At the end of the day, it’s a god that countermajoritarians point to and I find it particularly odd that my friend Burt, an avowed atheist, seems to worship this god of “individual rights.” Whence arises these rights, if not from some immanent, numenous Other? It can only, ultimately, be a divine will that somehow certain things are elevated above the rough-and-tumble of politics and the to-and-fro of the opinion of one’s peers. To claim the right to say “This is above the majority, this is beyond the ability of the majority to regulate” is to arrogate knowledge of that divine will to oneself, or worse yet, to assume that divine status. We elevate our judges to this divine level when we ask them to obstruct the will of a majority. Ask a judge yourself if you doubt the impropriety of this: she will tell you she is not divine and she will disclaim such special knowledge of the transcendent. No, for the law there can be no claim to knowledge of the divine, only the knowledge of the majority. Leave divination to the clerics, Burt.
If there is a Transcendent Law out there, this “brooding omnipresence in the sky,” then it is utterly unknowable. We can take guesses as to what it might look like here and there but everyone, both atheist and believer alike, must ultimately claim modesty as to its true shape. And we should not pretend that our law emulates this unknowable amorphity.

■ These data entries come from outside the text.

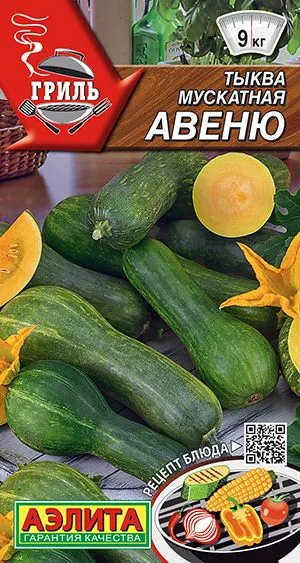 Тыква мускатная Авеню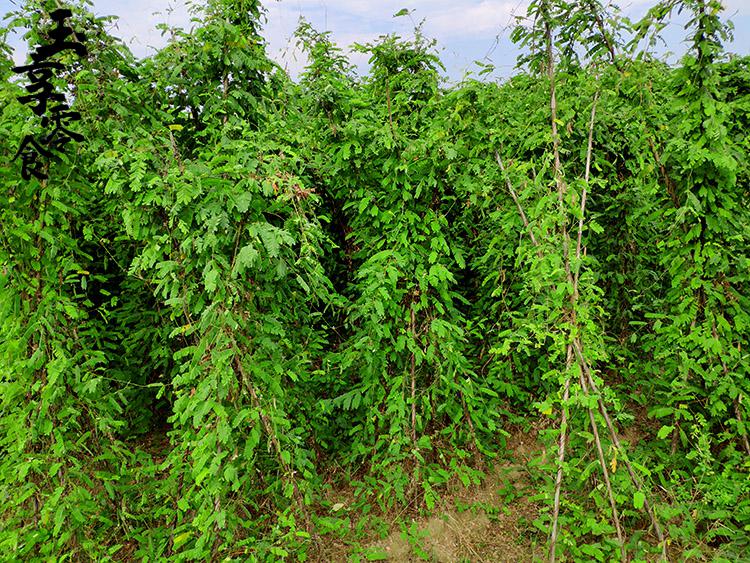 广西新鲜鸡骨草野生叶子草叶益肝500g泡茶相思叶鸡骨 草茶【图片 价格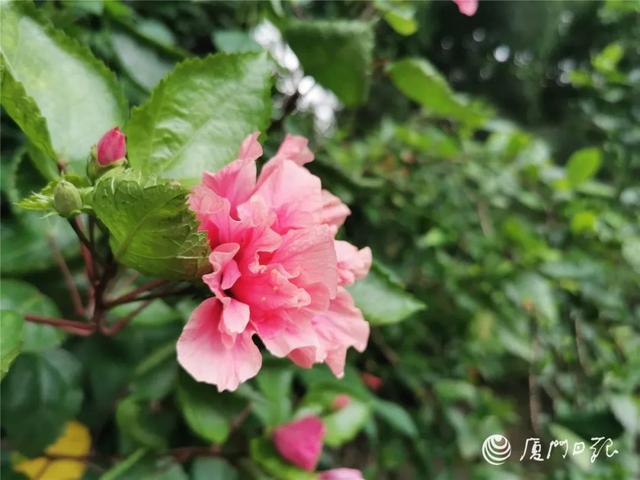 夜读｜种花的快乐  第5张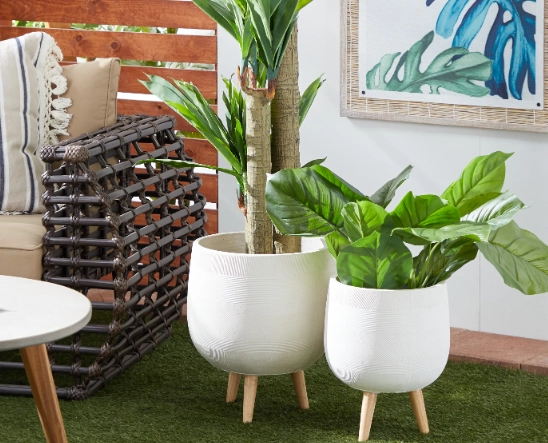 best large indoor plants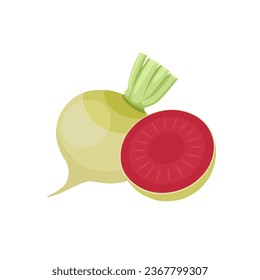 Ilustración vectorial, rábano de sandía entera y media, aislado en fondo blanco.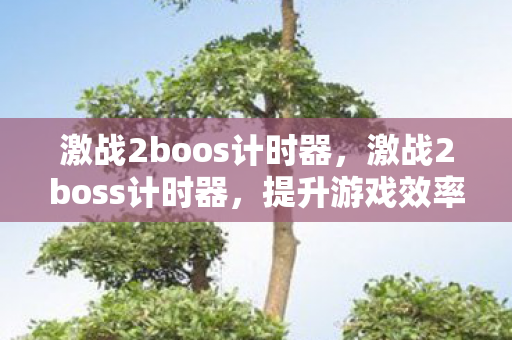 激战2boos计时器，激战2boss计时器，提升游戏效率与战斗体验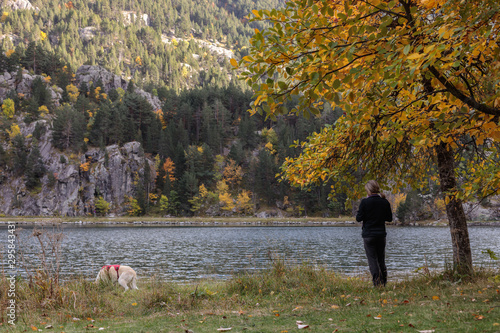 Fototapeta Naklejka Na Ścianę i Meble -  woman and dog observe under a tree with yellow and green leaves looking at the water of the mountain lake in autumn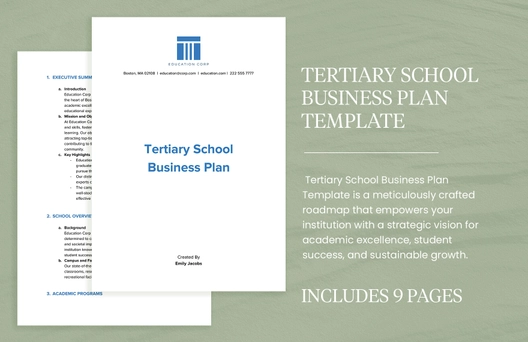 Tertiary School Business Plan Template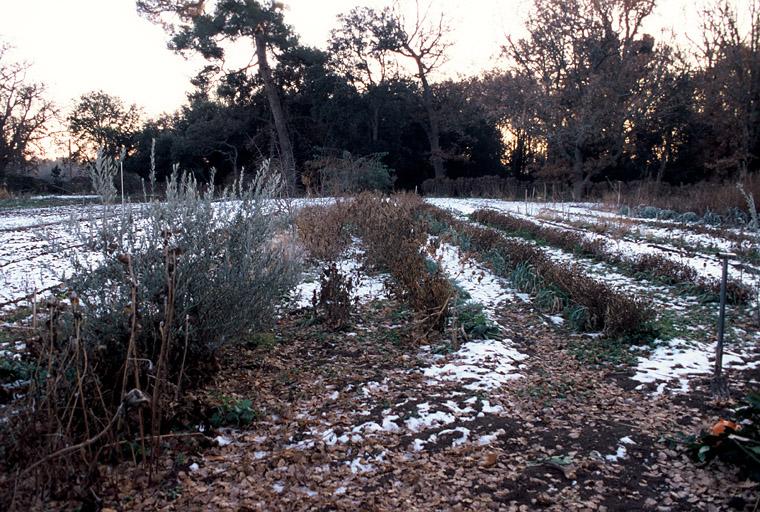 Vue du parc, le potager sous la neige.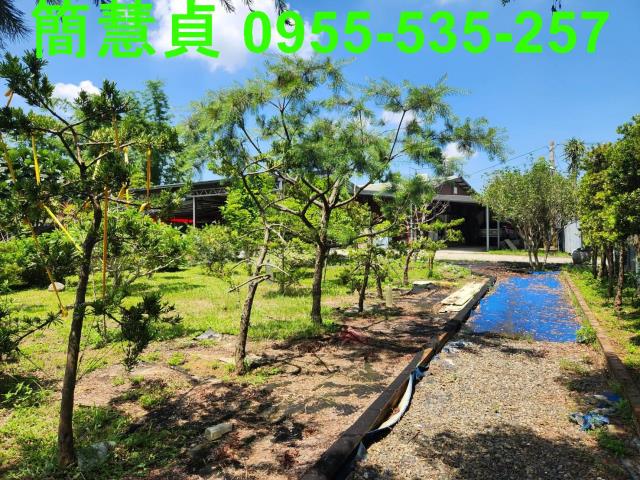 名間農地-9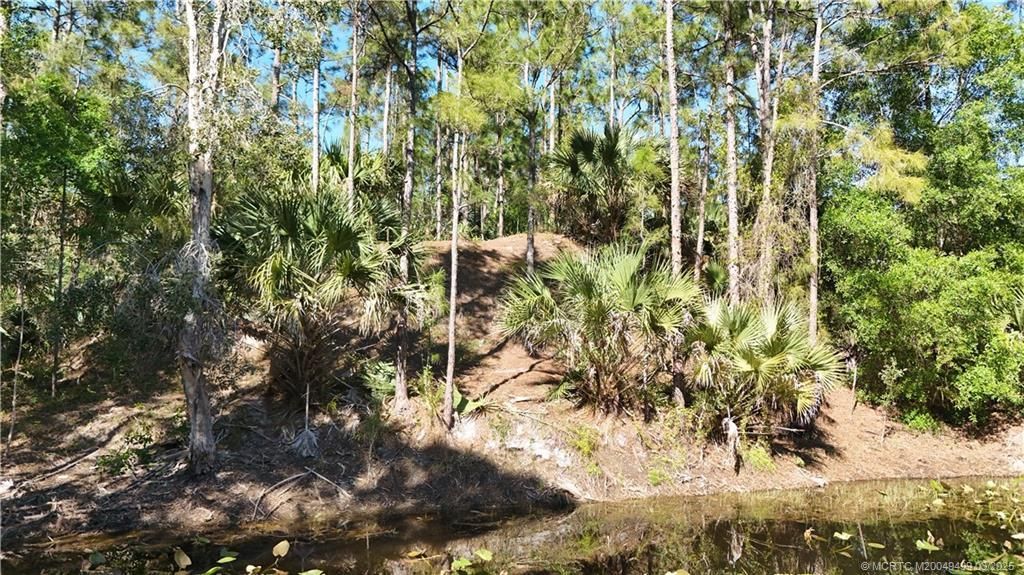 Unassigned Moss Avenue, Indiantown, FL 34956 Photo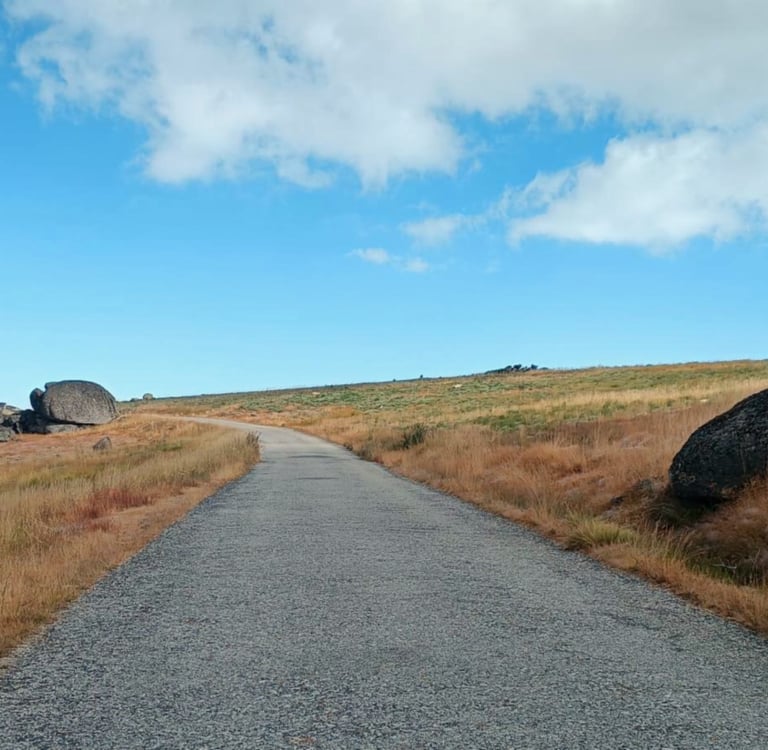 transfer transportation services airport anywhere portugal serra da estrela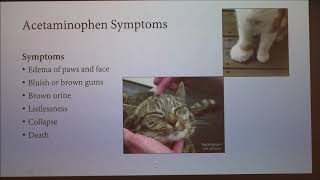 Human Medications That Are Toxic To Domestic Cats [upl. by Amer]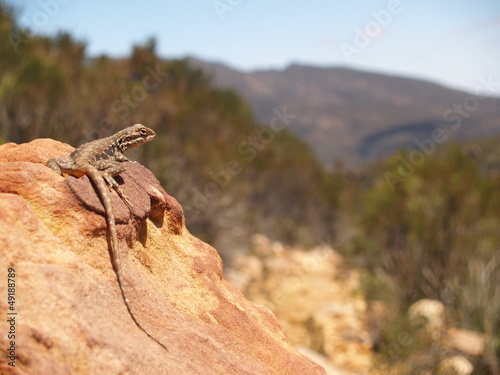 Australian skink lizard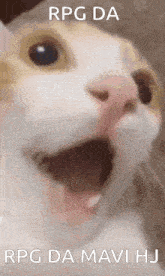 a close up of a cat 's face with the words rpg da rpg da mavi hj written above it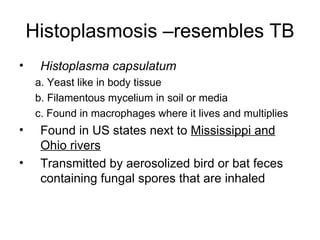 Histoplasmosis –resembles TB Histoplasma capsulatum  a. Yeast like in body tissue  b. Filamentous mycelium in soil or media c. Found in macrophages where it lives and multiplies Found in US states next to  Mississippi and Ohio rivers Transmitted by aerosolized bird or bat feces containing fungal spores that are inhaled 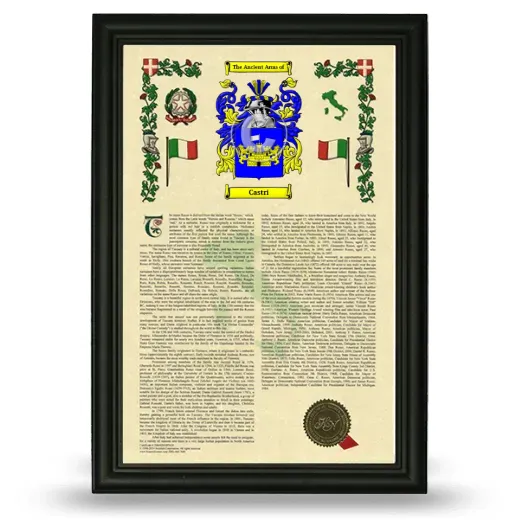 Castri Armorial History Framed - Black
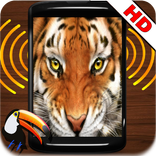”Animal Sound Quiz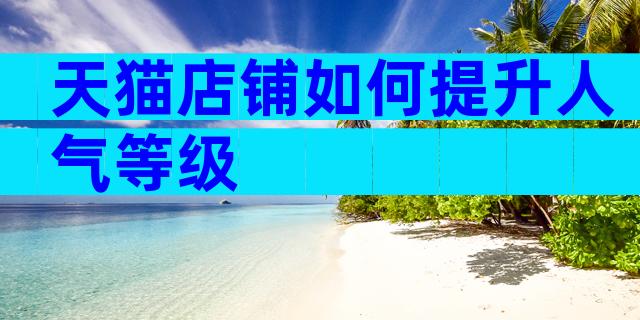 天猫店铺如何提升人气等级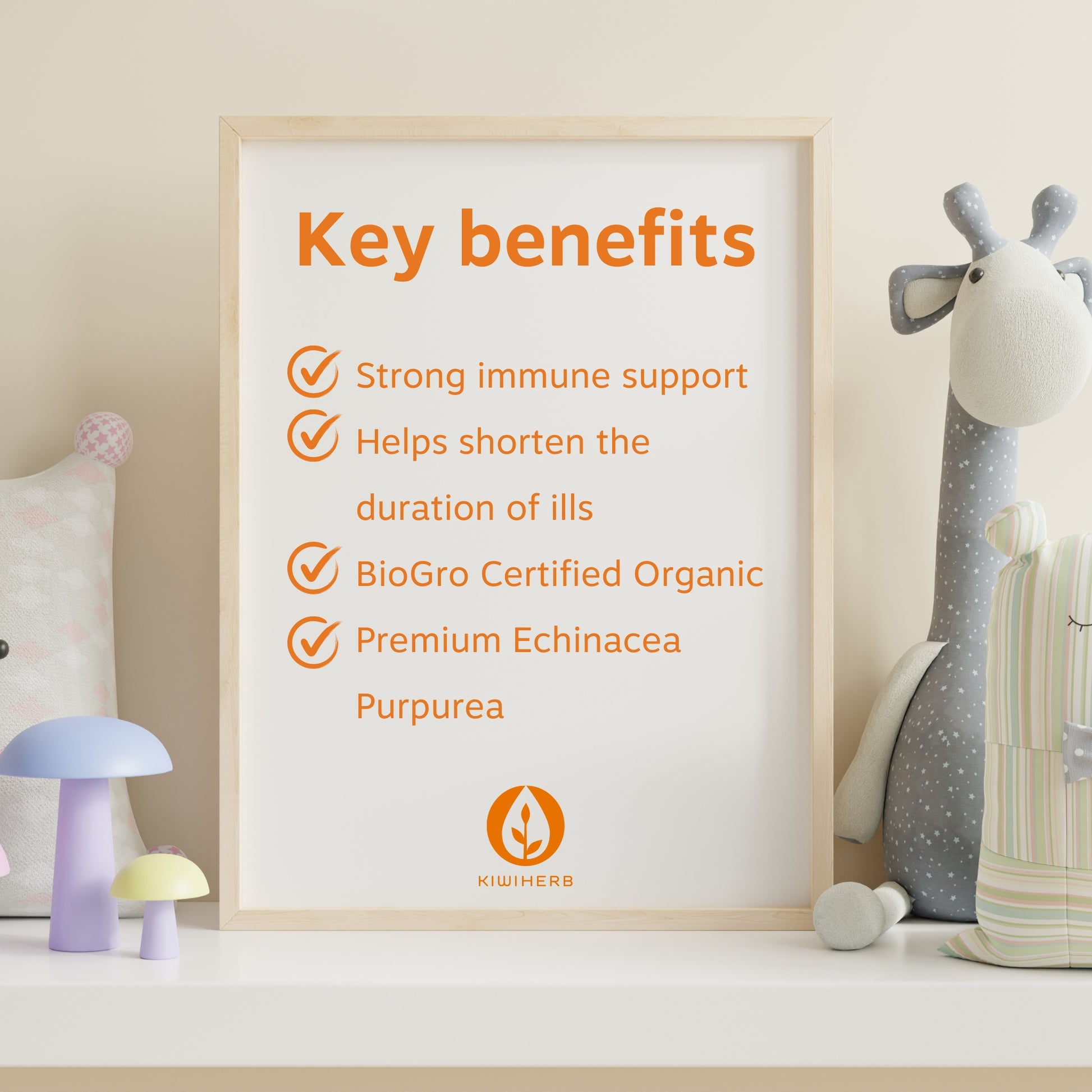 A photo frame on a children's desk showing the key benefits of Children's Organic Echinature.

What we can know is that we have compacted, whether explicitly or implicitly, with the rest of our fellow-citizens to jointly govern ourselves. This compact and the process created to fulfill it are the reason our laws are worthy of respect – we wrote them ourselves. They were not imposed upon us. We agreed to be governed by them. That is why they are legitimate.
That is why we must move our law and our way of thinking about it away from the idea of inchoate and malleable “individual rights” and understand what it truly is to be democratically self-governing. Stop judicial lawmaking and stop chasing the phantom of “individual rights.” We live in a democracy, let us govern it like one.